Slow DFT with CUDA

Non-cuda code runs much faster then CUDA code…

		cv::dft(sourceComplexImage, dft, cv::DftFlags::DFT_COMPLEX_INPUT, 0);

vs

		cv::cuda::Stream Stream;
		cv::cuda::GpuMat gpudft;
		cv::cuda::GpuMat gpusourceComplexImage(sourceComplexImage);
		cv::cuda::dft(gpusourceComplexImage, gpudft, size, cv::DftFlags::DFT_COMPLEX_INPUT, Stream);

		Stream.waitForCompletion();
		gpudft.download(dft);

Any thoughts on why I would expect the CUDA code to run much faster? The dft image size is 640x360.

GPU is RTX2060.

The slowness is in the DFT call not the transfer to or from the CPU.

Aaron

Looks like Nvida changed something in the most recent versions of CUDA, see

an d

When i profile the function the kernels are super quick however it spends >10ms in calls to cuModuleLoadData, cudModuleUnloadData etc.

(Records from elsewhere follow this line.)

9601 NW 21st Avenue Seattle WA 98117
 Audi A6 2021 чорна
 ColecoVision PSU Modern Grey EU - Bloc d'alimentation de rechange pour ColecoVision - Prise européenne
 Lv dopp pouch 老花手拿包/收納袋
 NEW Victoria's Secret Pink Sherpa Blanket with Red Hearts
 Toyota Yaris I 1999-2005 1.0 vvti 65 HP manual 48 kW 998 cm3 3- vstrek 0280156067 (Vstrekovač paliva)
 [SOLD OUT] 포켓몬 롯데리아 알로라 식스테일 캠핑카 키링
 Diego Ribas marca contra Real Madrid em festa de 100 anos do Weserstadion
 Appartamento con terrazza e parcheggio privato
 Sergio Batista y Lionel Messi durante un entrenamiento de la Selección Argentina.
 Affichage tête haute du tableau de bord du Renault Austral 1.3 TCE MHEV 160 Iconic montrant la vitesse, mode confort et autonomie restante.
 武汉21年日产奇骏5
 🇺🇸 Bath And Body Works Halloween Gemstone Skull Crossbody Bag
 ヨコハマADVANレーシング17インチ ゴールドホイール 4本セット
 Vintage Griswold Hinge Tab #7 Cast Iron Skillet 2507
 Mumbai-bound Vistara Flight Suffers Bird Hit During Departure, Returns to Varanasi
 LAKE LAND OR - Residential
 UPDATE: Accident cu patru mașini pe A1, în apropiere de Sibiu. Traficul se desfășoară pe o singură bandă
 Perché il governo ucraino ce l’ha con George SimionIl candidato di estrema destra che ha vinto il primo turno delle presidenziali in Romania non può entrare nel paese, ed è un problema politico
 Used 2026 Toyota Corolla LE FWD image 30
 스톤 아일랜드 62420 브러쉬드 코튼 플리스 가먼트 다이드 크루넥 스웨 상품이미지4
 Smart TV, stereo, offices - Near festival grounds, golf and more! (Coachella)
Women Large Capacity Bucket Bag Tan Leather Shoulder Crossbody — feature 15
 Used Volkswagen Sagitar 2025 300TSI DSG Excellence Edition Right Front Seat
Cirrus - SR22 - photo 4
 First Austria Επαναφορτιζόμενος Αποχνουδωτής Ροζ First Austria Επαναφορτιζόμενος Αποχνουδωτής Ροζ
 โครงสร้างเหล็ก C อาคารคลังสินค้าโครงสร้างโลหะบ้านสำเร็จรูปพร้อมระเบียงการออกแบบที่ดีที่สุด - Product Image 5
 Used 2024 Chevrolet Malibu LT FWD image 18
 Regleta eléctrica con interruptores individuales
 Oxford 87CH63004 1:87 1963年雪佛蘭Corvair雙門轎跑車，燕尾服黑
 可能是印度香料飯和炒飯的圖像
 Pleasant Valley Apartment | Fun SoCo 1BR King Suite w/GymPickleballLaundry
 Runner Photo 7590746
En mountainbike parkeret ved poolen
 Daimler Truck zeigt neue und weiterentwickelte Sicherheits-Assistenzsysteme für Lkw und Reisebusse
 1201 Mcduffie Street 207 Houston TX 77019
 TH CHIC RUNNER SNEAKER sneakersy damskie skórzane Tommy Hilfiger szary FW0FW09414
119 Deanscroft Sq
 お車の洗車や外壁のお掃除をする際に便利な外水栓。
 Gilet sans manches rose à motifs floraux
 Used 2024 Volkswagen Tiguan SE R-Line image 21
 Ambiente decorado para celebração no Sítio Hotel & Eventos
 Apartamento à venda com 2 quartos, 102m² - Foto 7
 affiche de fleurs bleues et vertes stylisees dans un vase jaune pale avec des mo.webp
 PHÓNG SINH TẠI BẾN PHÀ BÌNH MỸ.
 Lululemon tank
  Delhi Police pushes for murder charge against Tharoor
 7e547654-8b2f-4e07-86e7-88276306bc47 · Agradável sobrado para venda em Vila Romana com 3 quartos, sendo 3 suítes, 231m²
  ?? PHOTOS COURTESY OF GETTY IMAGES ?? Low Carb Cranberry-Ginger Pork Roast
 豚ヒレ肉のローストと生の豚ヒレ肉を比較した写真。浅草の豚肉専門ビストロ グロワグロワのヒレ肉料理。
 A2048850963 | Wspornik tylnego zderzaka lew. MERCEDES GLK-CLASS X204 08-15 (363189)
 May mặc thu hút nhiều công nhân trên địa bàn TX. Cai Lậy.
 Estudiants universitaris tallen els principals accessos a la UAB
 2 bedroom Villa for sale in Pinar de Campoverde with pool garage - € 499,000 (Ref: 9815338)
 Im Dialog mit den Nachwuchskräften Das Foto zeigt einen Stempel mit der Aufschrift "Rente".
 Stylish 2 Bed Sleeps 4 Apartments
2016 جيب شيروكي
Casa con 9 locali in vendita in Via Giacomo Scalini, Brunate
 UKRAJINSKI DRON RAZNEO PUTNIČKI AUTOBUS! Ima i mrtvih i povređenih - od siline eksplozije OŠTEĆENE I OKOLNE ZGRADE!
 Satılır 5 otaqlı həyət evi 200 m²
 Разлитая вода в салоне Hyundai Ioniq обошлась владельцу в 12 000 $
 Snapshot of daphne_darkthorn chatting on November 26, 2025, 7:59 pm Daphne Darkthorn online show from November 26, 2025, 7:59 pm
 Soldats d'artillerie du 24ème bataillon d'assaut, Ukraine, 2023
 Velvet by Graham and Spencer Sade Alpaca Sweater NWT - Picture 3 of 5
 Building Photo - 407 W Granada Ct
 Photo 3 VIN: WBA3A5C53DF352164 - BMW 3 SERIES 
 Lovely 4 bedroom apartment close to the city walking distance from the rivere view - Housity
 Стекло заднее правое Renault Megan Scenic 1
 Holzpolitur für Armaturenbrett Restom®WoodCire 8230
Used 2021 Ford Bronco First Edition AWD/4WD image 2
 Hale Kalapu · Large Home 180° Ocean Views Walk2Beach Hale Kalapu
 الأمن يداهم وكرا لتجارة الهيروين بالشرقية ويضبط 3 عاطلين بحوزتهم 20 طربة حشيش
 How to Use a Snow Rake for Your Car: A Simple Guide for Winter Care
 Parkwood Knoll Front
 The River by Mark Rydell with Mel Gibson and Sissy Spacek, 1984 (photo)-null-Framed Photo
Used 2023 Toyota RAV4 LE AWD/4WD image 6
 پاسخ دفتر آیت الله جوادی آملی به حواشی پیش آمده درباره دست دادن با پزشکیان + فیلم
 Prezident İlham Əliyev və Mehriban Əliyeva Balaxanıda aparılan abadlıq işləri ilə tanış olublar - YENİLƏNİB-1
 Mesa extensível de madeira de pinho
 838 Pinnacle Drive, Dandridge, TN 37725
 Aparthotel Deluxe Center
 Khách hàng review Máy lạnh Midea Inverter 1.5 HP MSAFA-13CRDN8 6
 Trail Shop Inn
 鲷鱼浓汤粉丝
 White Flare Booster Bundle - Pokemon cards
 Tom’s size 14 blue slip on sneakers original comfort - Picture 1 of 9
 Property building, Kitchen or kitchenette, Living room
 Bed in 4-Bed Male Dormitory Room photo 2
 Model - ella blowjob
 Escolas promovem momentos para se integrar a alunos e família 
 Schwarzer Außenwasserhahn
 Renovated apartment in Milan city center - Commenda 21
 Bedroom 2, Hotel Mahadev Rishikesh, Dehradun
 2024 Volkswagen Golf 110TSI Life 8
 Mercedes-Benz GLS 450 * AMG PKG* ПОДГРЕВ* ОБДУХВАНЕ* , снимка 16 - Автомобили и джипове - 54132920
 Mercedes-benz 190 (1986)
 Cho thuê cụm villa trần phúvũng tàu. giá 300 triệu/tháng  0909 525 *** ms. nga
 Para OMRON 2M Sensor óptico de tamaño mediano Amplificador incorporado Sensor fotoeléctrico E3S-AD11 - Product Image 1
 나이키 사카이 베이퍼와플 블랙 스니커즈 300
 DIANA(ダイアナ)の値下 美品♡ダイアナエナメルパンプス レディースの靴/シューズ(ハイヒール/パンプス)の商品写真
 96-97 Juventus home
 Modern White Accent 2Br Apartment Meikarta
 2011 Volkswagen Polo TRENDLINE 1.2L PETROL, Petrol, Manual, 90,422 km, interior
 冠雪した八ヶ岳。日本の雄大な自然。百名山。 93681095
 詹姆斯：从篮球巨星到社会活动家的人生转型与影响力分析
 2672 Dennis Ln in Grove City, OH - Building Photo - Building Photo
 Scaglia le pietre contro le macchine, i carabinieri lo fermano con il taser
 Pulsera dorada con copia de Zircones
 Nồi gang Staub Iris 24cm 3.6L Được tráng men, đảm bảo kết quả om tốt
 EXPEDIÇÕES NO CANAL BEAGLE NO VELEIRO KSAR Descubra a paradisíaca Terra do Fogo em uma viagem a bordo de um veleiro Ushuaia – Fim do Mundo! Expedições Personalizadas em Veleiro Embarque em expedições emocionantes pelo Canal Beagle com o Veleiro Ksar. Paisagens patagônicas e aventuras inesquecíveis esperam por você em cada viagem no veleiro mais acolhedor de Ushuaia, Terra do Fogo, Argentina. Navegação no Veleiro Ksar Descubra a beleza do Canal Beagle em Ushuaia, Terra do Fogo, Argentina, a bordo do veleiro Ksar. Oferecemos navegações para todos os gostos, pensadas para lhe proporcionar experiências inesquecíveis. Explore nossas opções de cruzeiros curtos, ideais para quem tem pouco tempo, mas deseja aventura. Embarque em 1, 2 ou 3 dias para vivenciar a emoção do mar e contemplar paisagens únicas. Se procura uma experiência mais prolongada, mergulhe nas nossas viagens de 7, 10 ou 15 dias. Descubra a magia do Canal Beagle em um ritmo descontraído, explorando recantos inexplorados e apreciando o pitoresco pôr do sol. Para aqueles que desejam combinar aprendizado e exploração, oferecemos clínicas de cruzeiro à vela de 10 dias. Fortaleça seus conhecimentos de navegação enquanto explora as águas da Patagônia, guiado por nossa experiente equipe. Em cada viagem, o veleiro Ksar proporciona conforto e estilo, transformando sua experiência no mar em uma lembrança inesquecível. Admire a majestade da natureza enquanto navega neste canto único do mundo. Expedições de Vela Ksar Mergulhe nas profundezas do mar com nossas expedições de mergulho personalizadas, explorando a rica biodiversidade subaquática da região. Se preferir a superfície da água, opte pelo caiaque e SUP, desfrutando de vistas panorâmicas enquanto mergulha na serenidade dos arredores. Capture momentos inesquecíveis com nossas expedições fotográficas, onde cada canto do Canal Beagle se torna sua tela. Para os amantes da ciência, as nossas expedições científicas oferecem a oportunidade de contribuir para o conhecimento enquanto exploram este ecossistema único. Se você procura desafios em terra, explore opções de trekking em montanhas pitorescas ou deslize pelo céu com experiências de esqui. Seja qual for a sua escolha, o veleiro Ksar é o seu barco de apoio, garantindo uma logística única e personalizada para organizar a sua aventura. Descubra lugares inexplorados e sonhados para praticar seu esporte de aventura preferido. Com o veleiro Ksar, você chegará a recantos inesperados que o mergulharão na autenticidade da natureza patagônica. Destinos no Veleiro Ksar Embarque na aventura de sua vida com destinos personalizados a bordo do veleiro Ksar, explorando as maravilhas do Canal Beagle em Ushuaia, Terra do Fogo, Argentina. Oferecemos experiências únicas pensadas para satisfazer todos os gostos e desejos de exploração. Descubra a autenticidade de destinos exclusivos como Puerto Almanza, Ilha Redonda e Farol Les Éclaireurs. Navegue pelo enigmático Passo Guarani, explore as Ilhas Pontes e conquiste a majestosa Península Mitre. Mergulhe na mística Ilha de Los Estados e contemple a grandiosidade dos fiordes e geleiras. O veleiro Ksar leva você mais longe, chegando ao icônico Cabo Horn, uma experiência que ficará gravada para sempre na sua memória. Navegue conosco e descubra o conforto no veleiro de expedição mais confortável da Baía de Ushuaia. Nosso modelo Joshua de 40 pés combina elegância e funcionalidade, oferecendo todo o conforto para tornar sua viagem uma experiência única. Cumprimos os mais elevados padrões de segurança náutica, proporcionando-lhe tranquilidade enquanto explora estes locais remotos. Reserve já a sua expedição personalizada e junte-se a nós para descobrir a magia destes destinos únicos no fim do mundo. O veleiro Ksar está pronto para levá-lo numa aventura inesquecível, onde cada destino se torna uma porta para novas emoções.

You could try reverting to CUDA 11.0 to see if that improves your performance.

I just tested the performance test

opencv_perf_cudaarithm.exe --gtest_filter=Sz_Flags_Dft.Dft/0

compiled against CUDA 11.0 and 11.4. The performace on CUDA 11.0 was 25x better, results below:

CUDA 11.0
[ RUN ] Sz_Flags_Dft.Dft/0, where GetParam() = (1280x720, 0)
[ PERFSTAT ] (samples=25 mean=25.80 median=25.73 min=24.68 stddev=0.66 (2.5%))

CUDA 11.4
[ RUN ] Sz_Flags_Dft.Dft/0, where GetParam() = (1280x720, 0)
[ PERFSTAT ] (samples=13 mean=1.18 median=1.19 min=1.10 stddev=0.03 (2.9%))

This may not be enough to make the CUDA varient faster than the CPU one on your system with the sizes your using but it should bring them closer together.